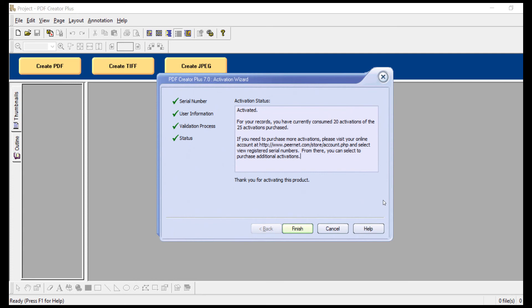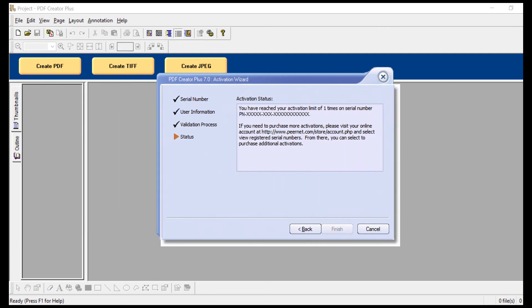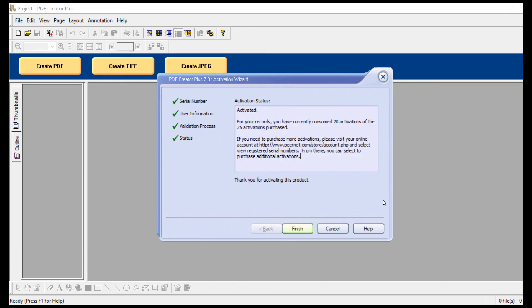When the product is successfully activated, this screen will show the activation status as activated. If an error occurred during activation, the activation status will show the error message. The most common error message is, you have reached your activation limit on this serial number.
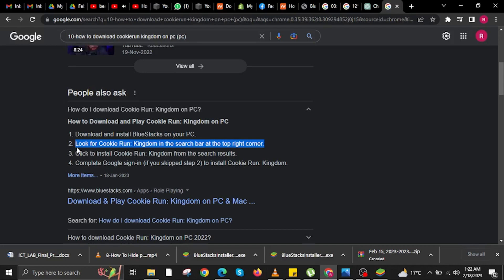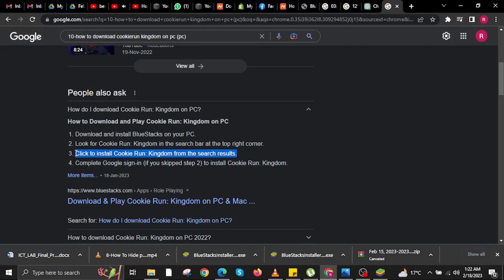Once done with Step 2, you are now going to proceed to Step 3, which is to click to install Cookie Run Kingdom from the search results.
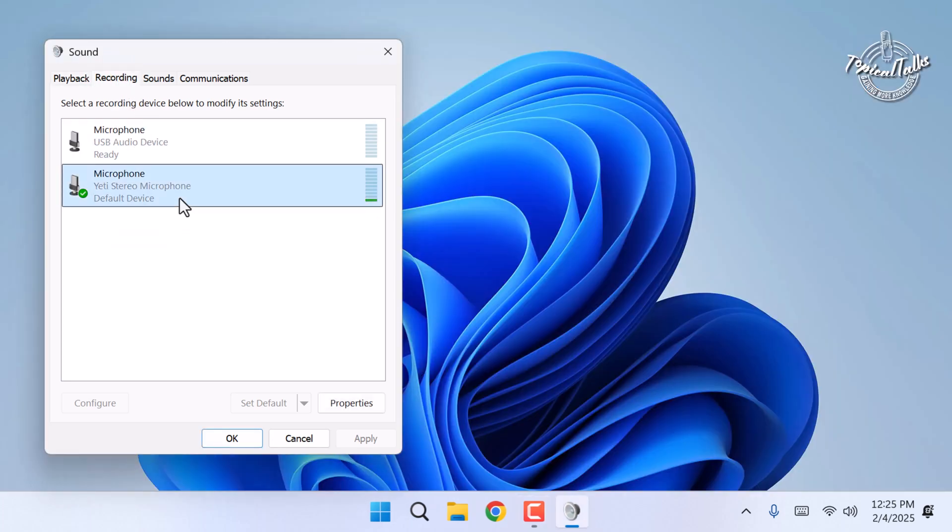Speak into your microphone and you'll see the input level bar move. If it moves, your microphone is working.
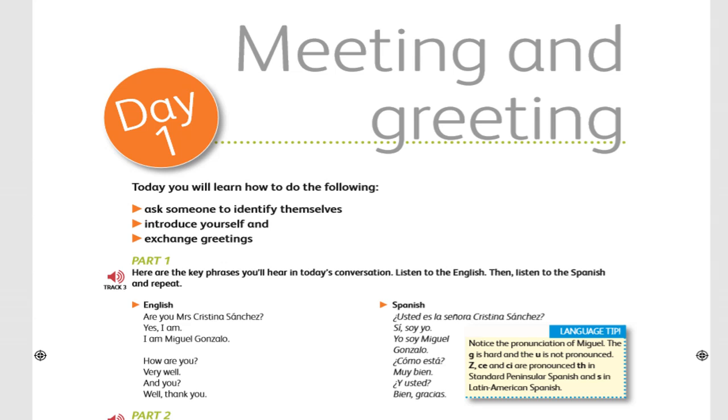How are you? ¿Cómo está? Very well. Muy bien. And you? ¿Y usted? Well, thank you. Bien, gracias.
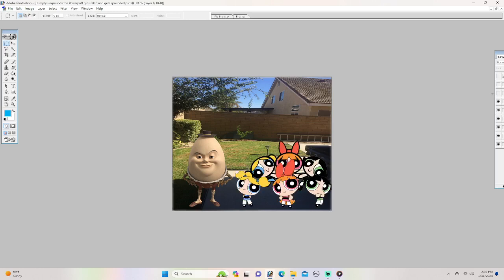There he is girls 1998. Hunty Alexander Dumpty just ungrounded us. Oh. Oh.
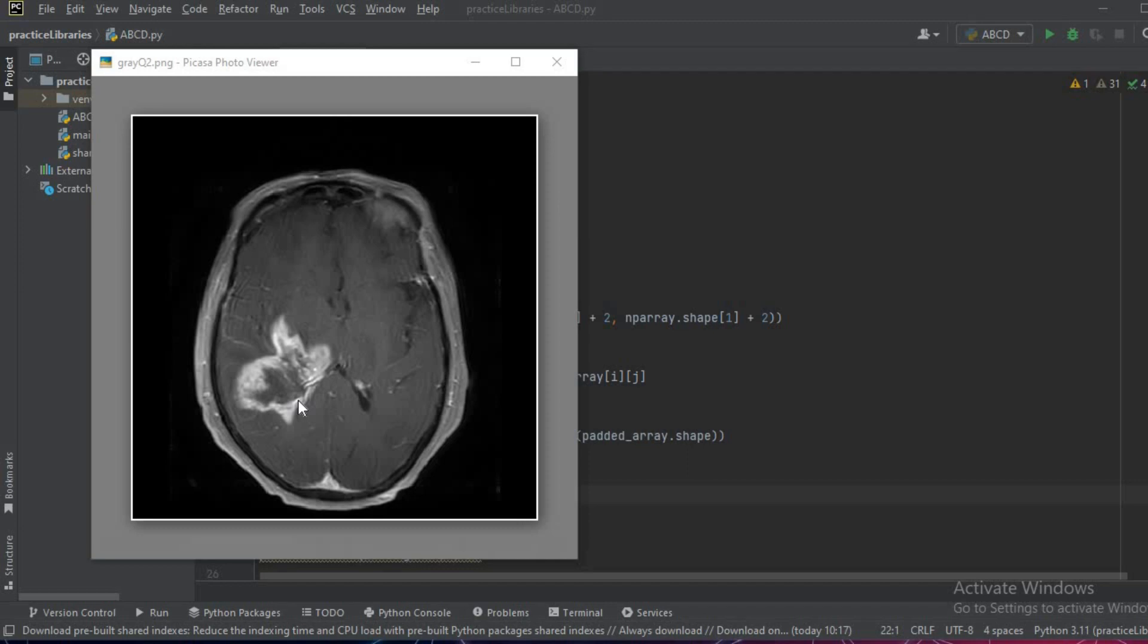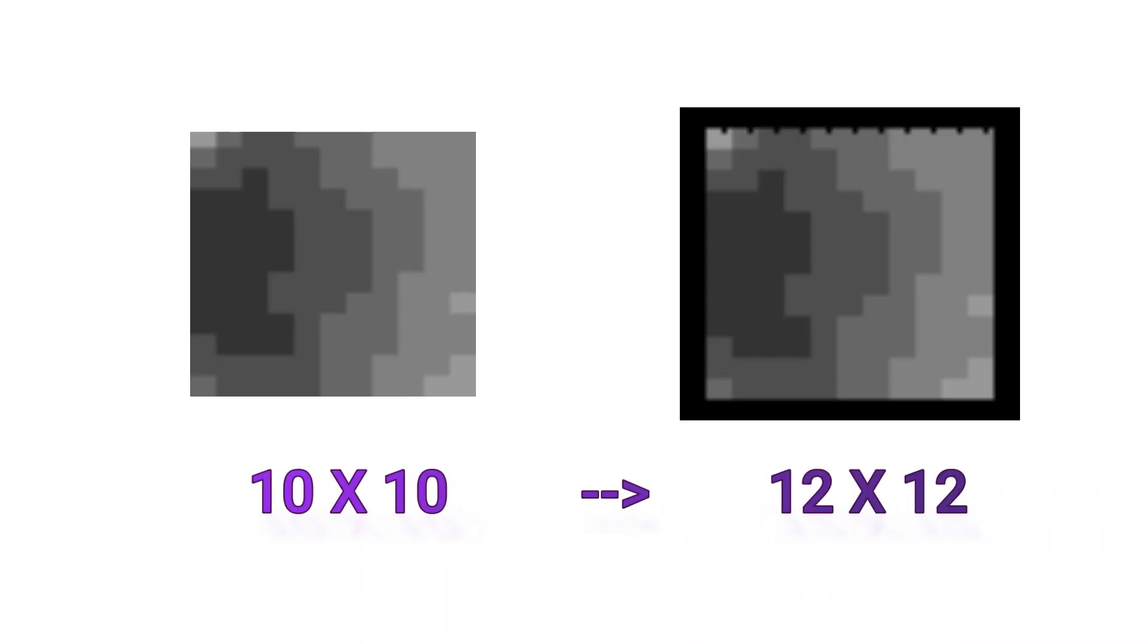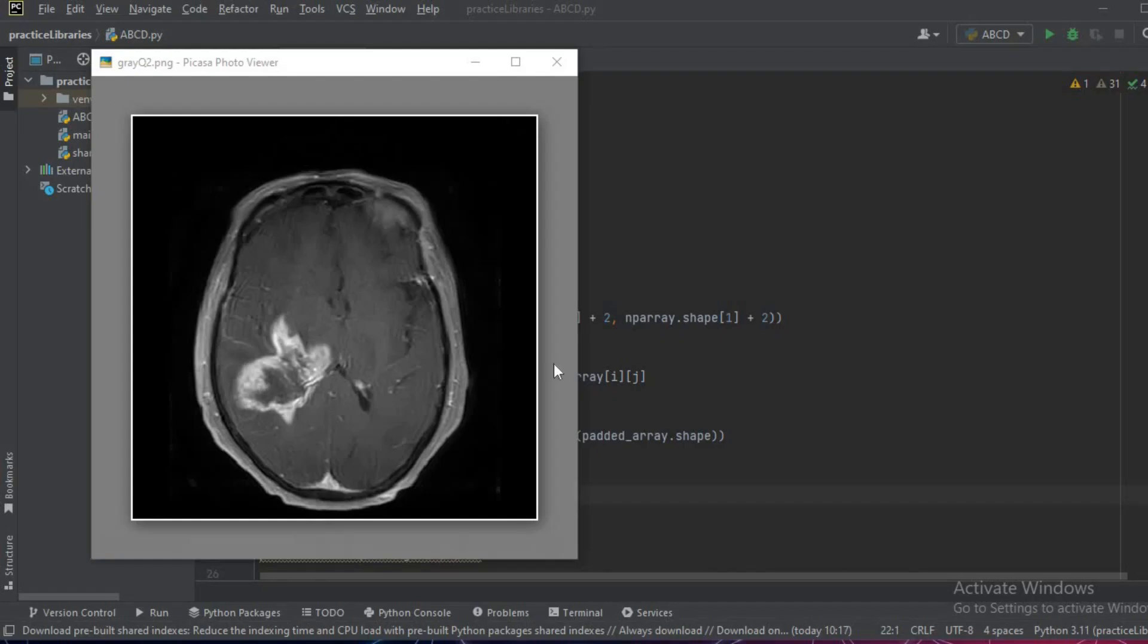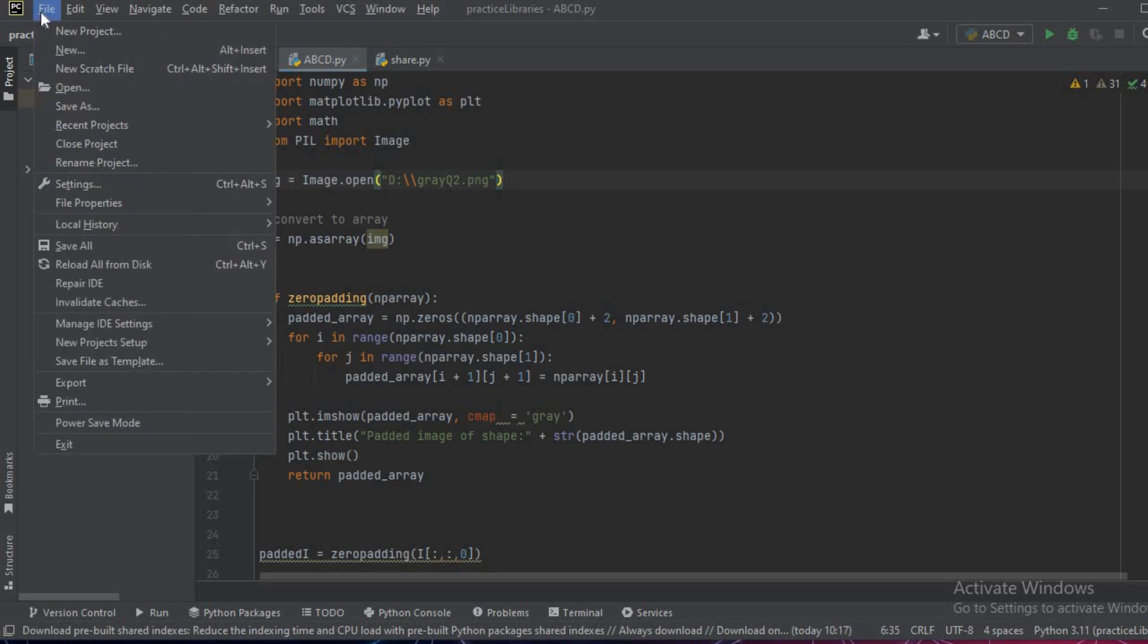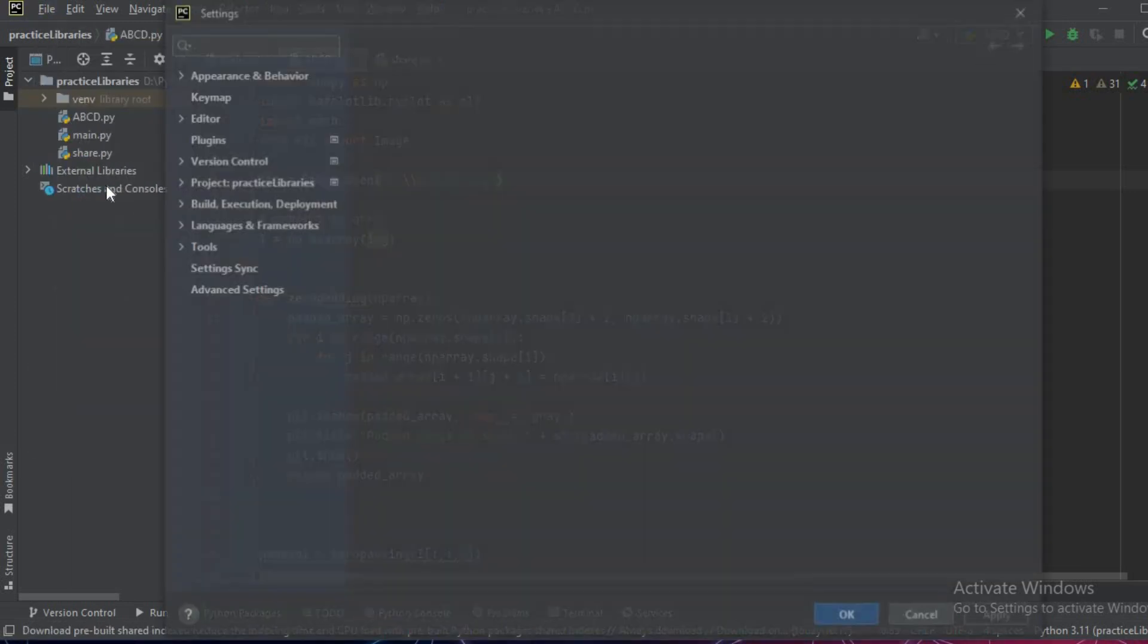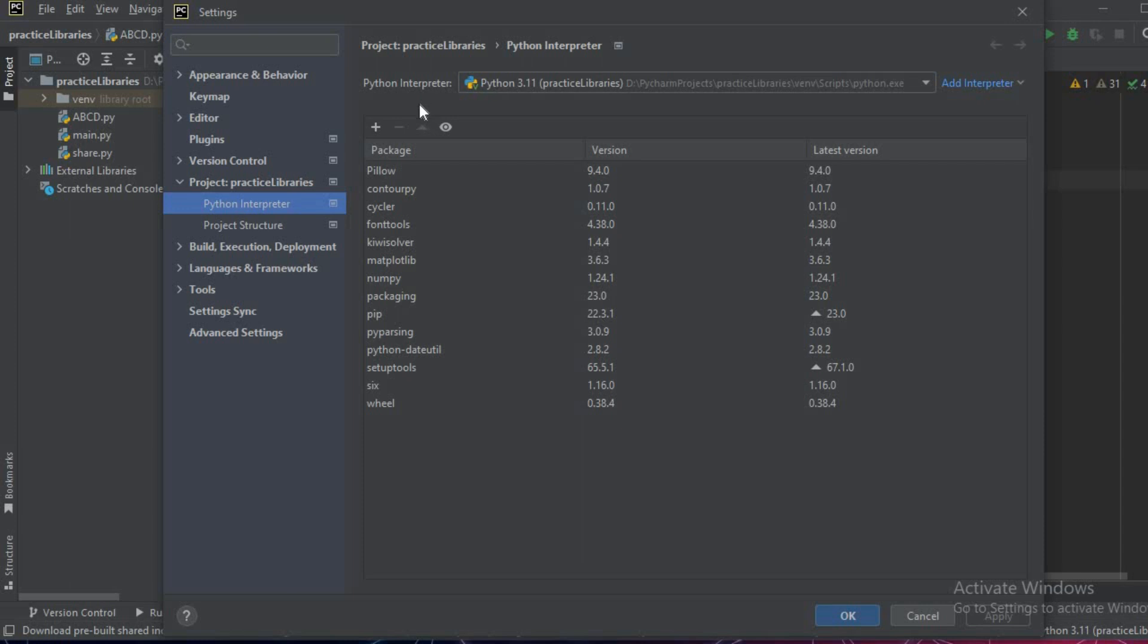In this video we'll see how to perform padding operations on any kind of image. We have this image and we want to perform a padding operation, so we'll be using Python and multiple libraries to do these operations.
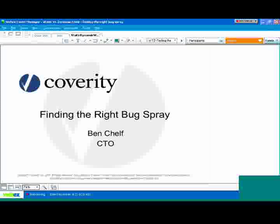So today's talk, I'm going to talk a little bit about finding the right bug spray. I still remember back as an undergrad, my first couple of programming classes. There was one dynamic tool that was required in those classes, and that was Purify. As I was implementing dynamic arrays and hash tables and learning all about pointers and memory allocation, I quickly came to realize how important it was to use tools in the development process.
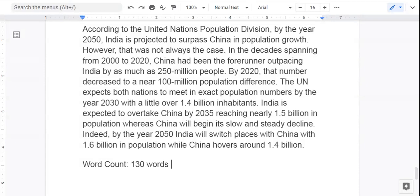In this case, I could have added to get more words — I could have said 'Indeed, by the year 2050, India will switch places with where China was in 2000,' and said something about that. Because it's almost like their population numbers sort of flip-flop and change — China was ahead by about 250 million people in 2000, and by the year 2050, India will have about a 200 million people population difference with China.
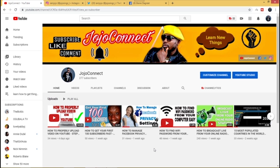Hello people, Jojo here and you're welcome to my channel Jojo Connect. On this channel I make videos that show people how to get things done easy and simple. Now perhaps you've seen some beautiful YouTube banners.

▬▬▬▬▬▬

PROMPT: Pictures are not part of the copy; reproduce exactly and only the lines from the line containing "There he is" through the end of the listing.

THE COMPLETED TASK:
There he is girls 1998. Hunty Alexander Dumpty just ungrounded us. Oh. Oh.
In this video we'll see how to perform padding operations on any kind of image. We have this image and we want to perform a padding operation, so we'll be using Python and multiple libraries to do these operations.
So today's talk, I'm going to talk a little bit about finding the right bug spray. I still remember back as an undergrad, my first couple of programming classes. There was one dynamic tool that was required in those classes, and that was Purify. As I was implementing dynamic arrays and hash tables and learning all about pointers and memory allocation, I quickly came to realize how important it was to use tools in the development process.
In this case, I could have added to get more words — I could have said 'Indeed, by the year 2050, India will switch places with where China was in 2000,' and said something about that. Because it's almost like their population numbers sort of flip-flop and change — China was ahead by about 250 million people in 2000, and by the year 2050, India will have about a 200 million people population difference with China.
Hello people, Jojo here and you're welcome to my channel Jojo Connect. On this channel I make videos that show people how to get things done easy and simple. Now perhaps you've seen some beautiful YouTube banners.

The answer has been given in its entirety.